### [EXERCISE GOAL]
Restate word for word the section of the entries that opens at the line containing "new 2025 Chevrolet" and closes at the line containing "Mercedes CLA 200 d Progressive (EURO 6d)", both lines kept, pictures dropped.
___ SOURCE INFORMATION ___
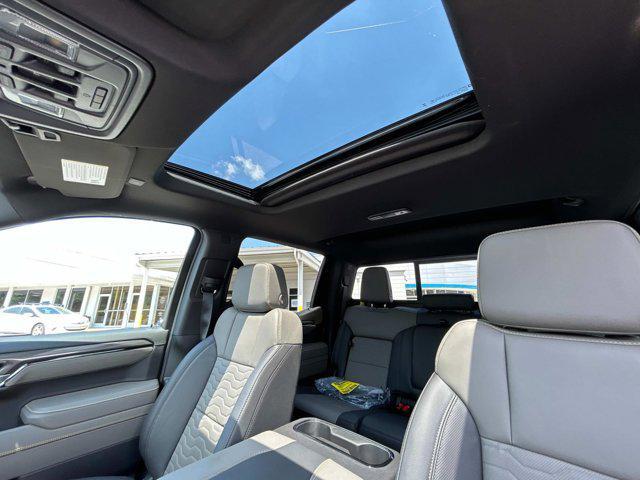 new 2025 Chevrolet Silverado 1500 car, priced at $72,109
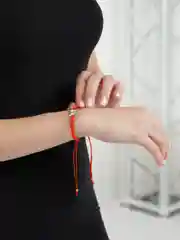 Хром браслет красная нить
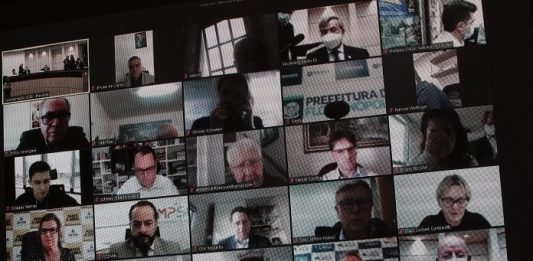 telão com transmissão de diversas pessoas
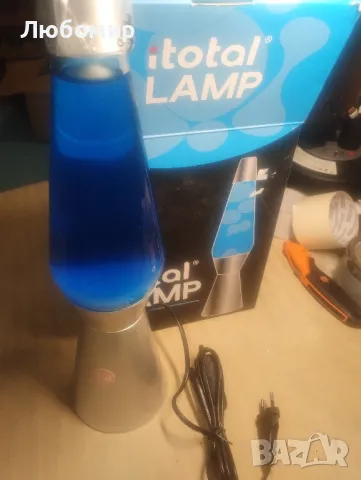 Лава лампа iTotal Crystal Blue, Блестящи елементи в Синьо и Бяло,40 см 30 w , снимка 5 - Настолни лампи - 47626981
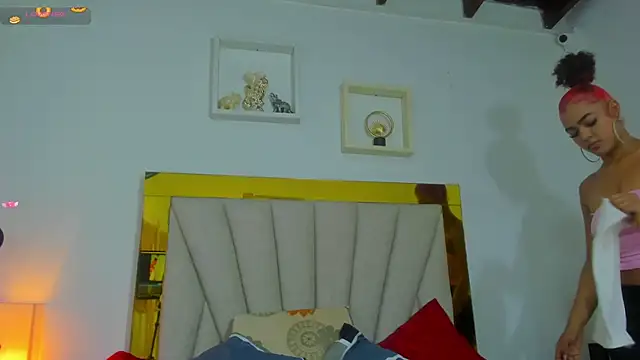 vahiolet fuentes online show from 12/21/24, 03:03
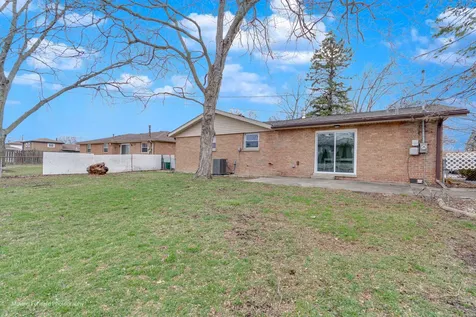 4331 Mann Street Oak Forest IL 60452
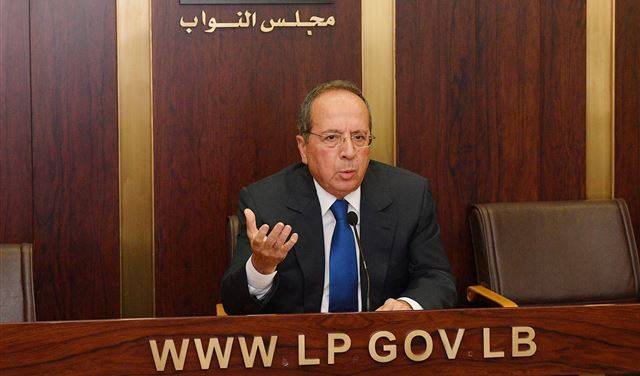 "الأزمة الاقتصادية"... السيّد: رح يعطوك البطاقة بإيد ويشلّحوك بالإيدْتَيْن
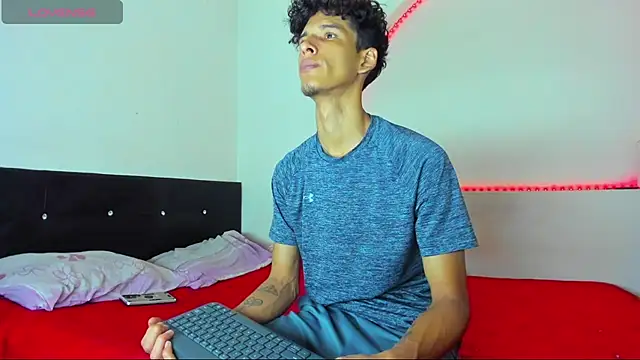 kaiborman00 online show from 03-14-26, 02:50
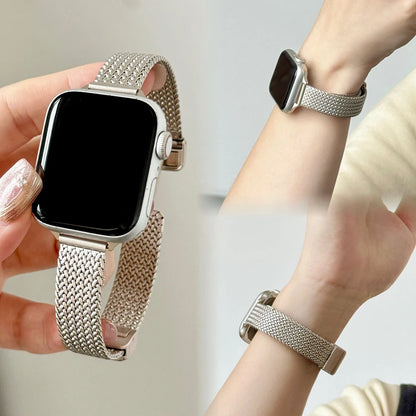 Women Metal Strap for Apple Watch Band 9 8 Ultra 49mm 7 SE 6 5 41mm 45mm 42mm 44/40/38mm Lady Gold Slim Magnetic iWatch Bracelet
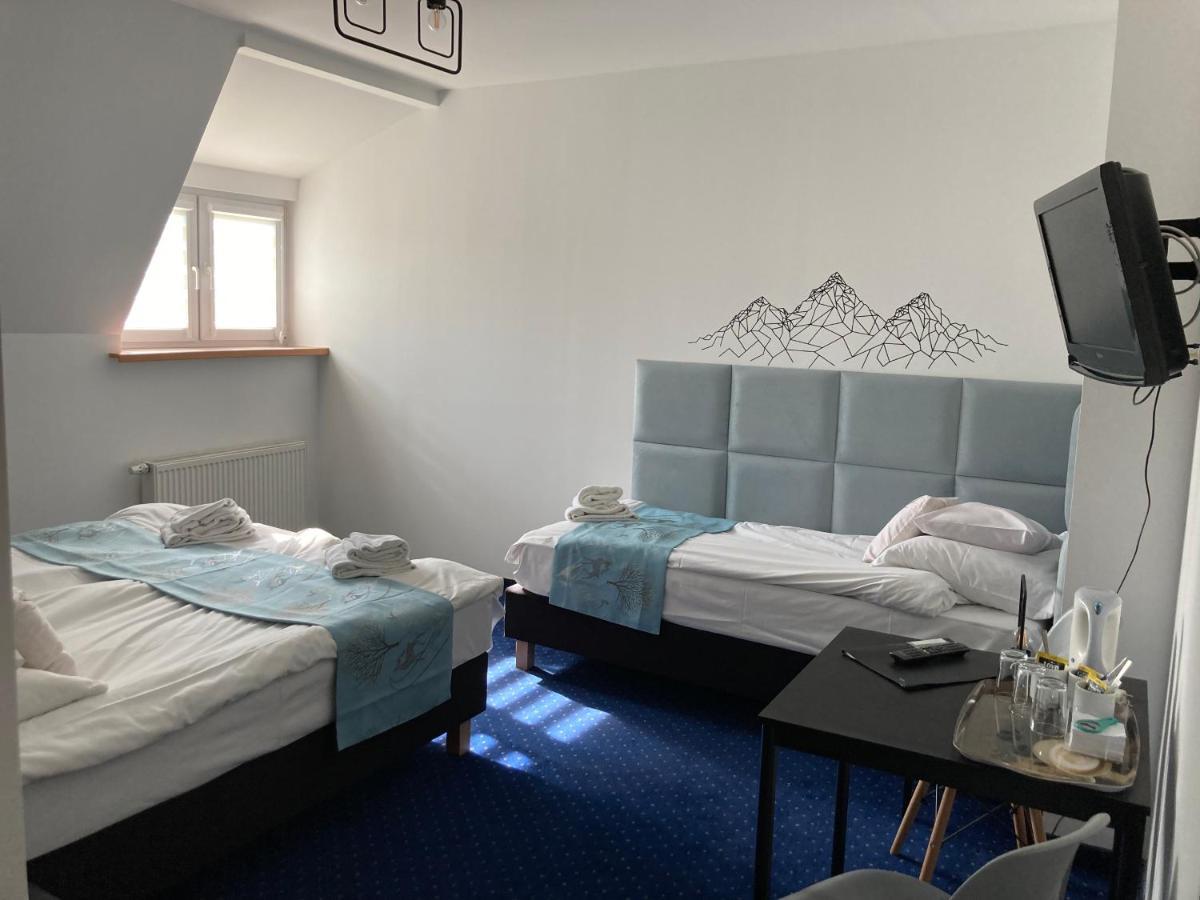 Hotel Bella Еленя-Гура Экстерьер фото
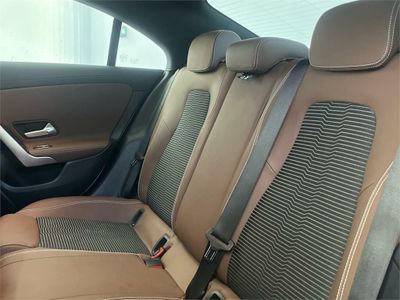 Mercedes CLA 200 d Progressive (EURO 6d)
___
___ SOURCE INFORMATION ___
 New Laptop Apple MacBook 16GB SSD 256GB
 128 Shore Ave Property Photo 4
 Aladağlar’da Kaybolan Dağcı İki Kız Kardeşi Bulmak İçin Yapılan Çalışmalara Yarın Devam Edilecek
___
___ SOURCE INFORMATION ___
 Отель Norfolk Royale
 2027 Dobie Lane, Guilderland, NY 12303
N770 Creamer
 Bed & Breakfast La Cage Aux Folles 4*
___
### [ANSWER AREA]
 new 2025 Chevrolet Silverado 1500 car, priced at $72,109
 Хром браслет красная нить
 telão com transmissão de diversas pessoas
 Лава лампа iTotal Crystal Blue, Блестящи елементи в Синьо и Бяло,40 см 30 w , снимка 5 - Настолни лампи - 47626981
 vahiolet fuentes online show from 12/21/24, 03:03
 4331 Mann Street Oak Forest IL 60452
 "الأزمة الاقتصادية"... السيّد: رح يعطوك البطاقة بإيد ويشلّحوك بالإيدْتَيْن
 kaiborman00 online show from 03-14-26, 02:50
 Women Metal Strap for Apple Watch Band 9 8 Ultra 49mm 7 SE 6 5 41mm 45mm 42mm 44/40/38mm Lady Gold Slim Magnetic iWatch Bracelet
 Hotel Bella Еленя-Гура Экстерьер фото
 Mercedes CLA 200 d Progressive (EURO 6d)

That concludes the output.